Monthly Archives: February 2012
“But I have calmed and quieted my soul, like a weaned child with its mother; like a weaned child is my soul within me.” – Psalm 131:2
It is common knowledge that the continual rush of noise and activity steal away those times to connect with real values in life, but there is never any harm in being reminded of how imperative those times are that so many are inclined to neglect.
People do not want to be still, quiet and face reality; constant activity has become the way to avoid hearing the voice of God. For many there is a tendency to restlessness and depression when faced with just themselves. Oswald Chambers hits a raw nerve in much of our distractions and refusal to face reality today, “If we have been living in unrealities, we shall find ourselves faced with great impatience when we do endeavour to face reality, and we are apt to behave like caged wild beasts. We have to take a grip of ourselves when we come to the true centre of things, and it means discipline and discipline, until we face nothing but realities. We have to exert a tremendous effort, and God is pleased to see us exert it.”

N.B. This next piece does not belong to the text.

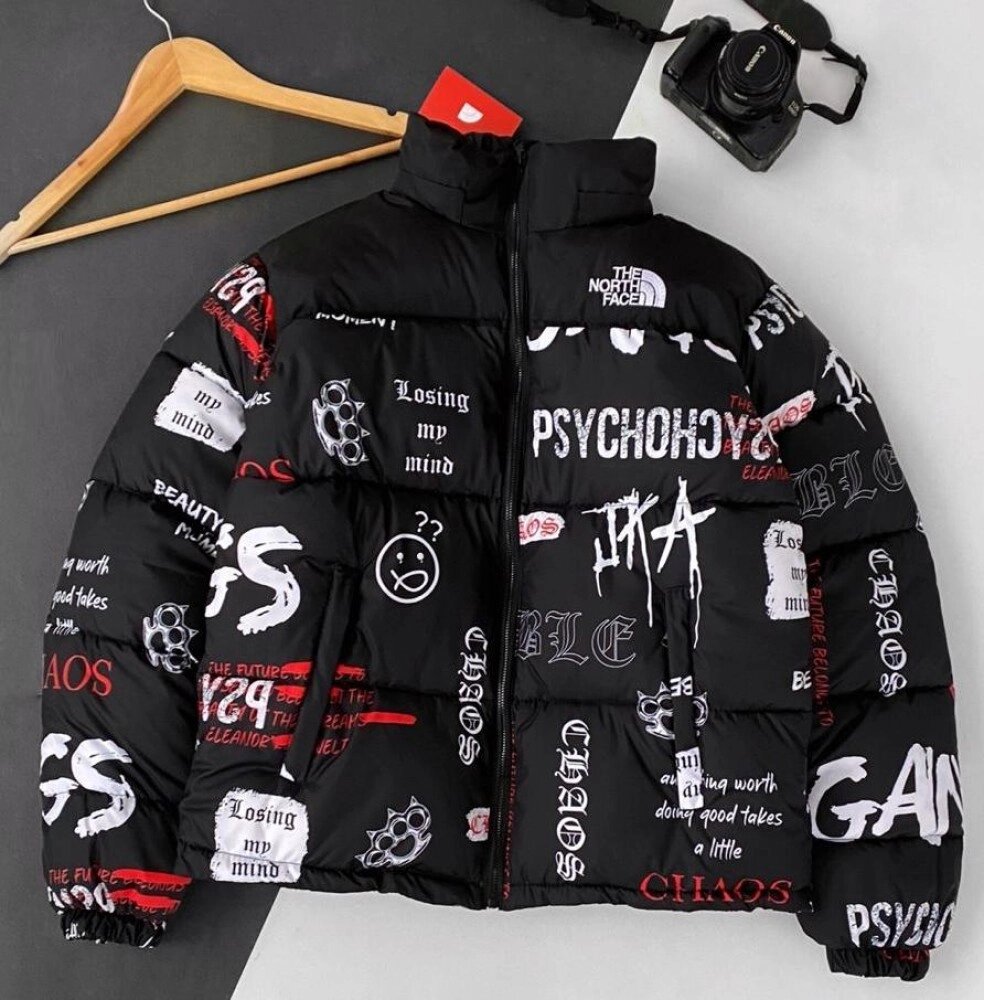 Куртка зимова в стилі The North Face принт PSYCHO чорна від компанії Elektromax - фото 1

The world is driven by advertisement through television, radio, internet, cell phones, etc to appeal to our ‘needs’ and ‘wants’. Almost everywhere we go we are bombarded by commercials to the point of it becoming a way and comfort within ones routine. Although it’s a nuisance that invades our privacy, somehow we feel we cannot live without it otherwise our world would ‘cease’ to function. We have the technology of communication continually at our finger tips, convinced we cannot survive without it. Somehow, the church feels that she cannot be operative without it either, and therefore will not succeed unless a meeting is powered by the latest trends; corporate worship, preaching and Bible reading is now impossible to manage unless of course we have laptops, ipads and kindles at our beck and call to assist. I wonder how long it will take before text prayer meetings become the new vogue in church activity! How on earth do we think the early church was empowered to succeed over and above our affluent styles and methods? It wasn’t electrical power that made her dynamic, and it certainly is not a power we can tap into with our so-called advanced technology either!

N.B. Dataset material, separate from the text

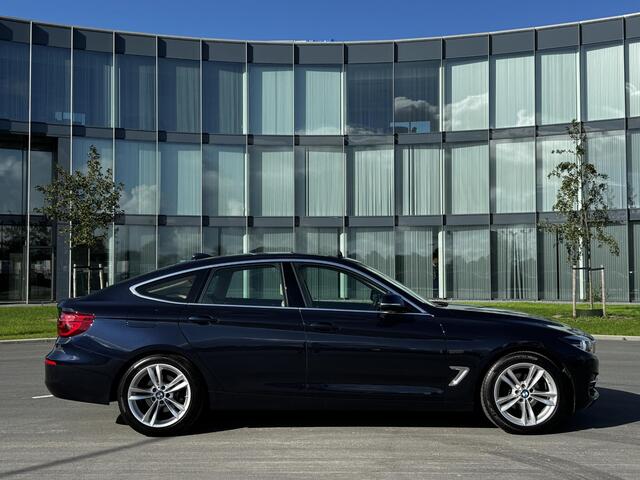 BMW 3-SERIE 320i xDrive High Executive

Being alone with God is not escapism, but at our peril is something we have escaped! Constant activity – whether in work, entertainment or socializing – is escapism. It is an indirect refusal to face things as they really are, and there is no better time than when by ourselves – quiet. We were made to periodically rest, reflect and refocus in order to live balanced lives.
We have to make time by prioritizing, and it does take discipline. Some of us may insist that too much demands our attention that doesn’t afford us the luxury to spend quality time with God, moments whereby eternity overrides our clock. Martin Luther, who led the Great Reformation of the 16th century, once said that he had so much to do daily that he first had to be in prayer a few hours beforehand. Many have said that they have accomplished more in their day when seeking the face of God first thing in the morning.
Some may find the chance to ‘squeeze’ God in for a moment or two in their chaotic schedule. It is ridiculous to find these one minute devotions (for those with hectic and busy lifestyles), endorsed by Christian websites; communion with God has been reduced to a 1 minute formula ‘capsule’ with expectancy of ‘time release’ throughout the day – it just does not work. It was Robert Murray M’Cheyne who said, “A man is what he is on his knees before God.” Moses’ face was not incandescent by giving God a minute or maybe two at a push! Some of the biographies of the great leaders in the church knew the art of communion with God on a regular basis. Just reading of their schedule, what they accomplished and the success that followed is incredible. Read the autobiography of Charles Haddon Spurgeon and be amazed at how it was ever humanly possible to cover so many things in one day. Spurgeon was a very able man, a man of astounding intellect and ability, but had he not spent those moments of intimacy with the Lord, he would never have accomplished anywhere near to all he did, not forgetting he was a man assailed with many physical ailments. Robert Murray M’Cheyne – another very able man but whose body was frequently racked with ill health and near to death on occasions – was often in conscious communion with God and achieved so much in such a short life – dying at the age of 29. A.W. Tozer – another leader who had significant impact in the body of Christ – spent more time with God than with anyone else, leaving behind a lasting legacy whose words still thunder with striking clarity and relevance. These men, among hundreds of others, knew that the way to get to know God was to be with Him – and alone! They knew how to come away from all the distractions and demands to a place where they could quiet themselves and listen to God. What they were and what they spoke was the outcome of being with Him. Arthur Neil said, “A conscious communion with God inevitably results in an unconscious communication of Him.”
A sick over-familiarity with the 10th verse of the 46th Psalm has veiled the understanding of many today: “Be still and know that I am God” and there is a kind of ‘stillness’ where our thoughts wander and stagnate, but there is the kind of stillness where we concentrate on God alone, where He communicates His attributes thereby knowing that He is God.
When alone with God, are we transfixed by a sense of peace and solitude, or are we taken up and preoccupied with Him? The worlds varied cults will give you ‘peace’ and ‘tranquility’ – and don’t say they cannot; millions of people would not adhere to them otherwise – but what differentiates the way of the Lord is the Spirit-born-Christian who seeks God for Himself –
“My goal is God Himself
Not joy, nor peace,
Not even blessing, but Himself, My God.”
It is not so much encountering the peace of God but beholding the God of peace that is to be the ultimate motive, making a whole world of difference to the seeker and bringing a difference to the whole world in which we live.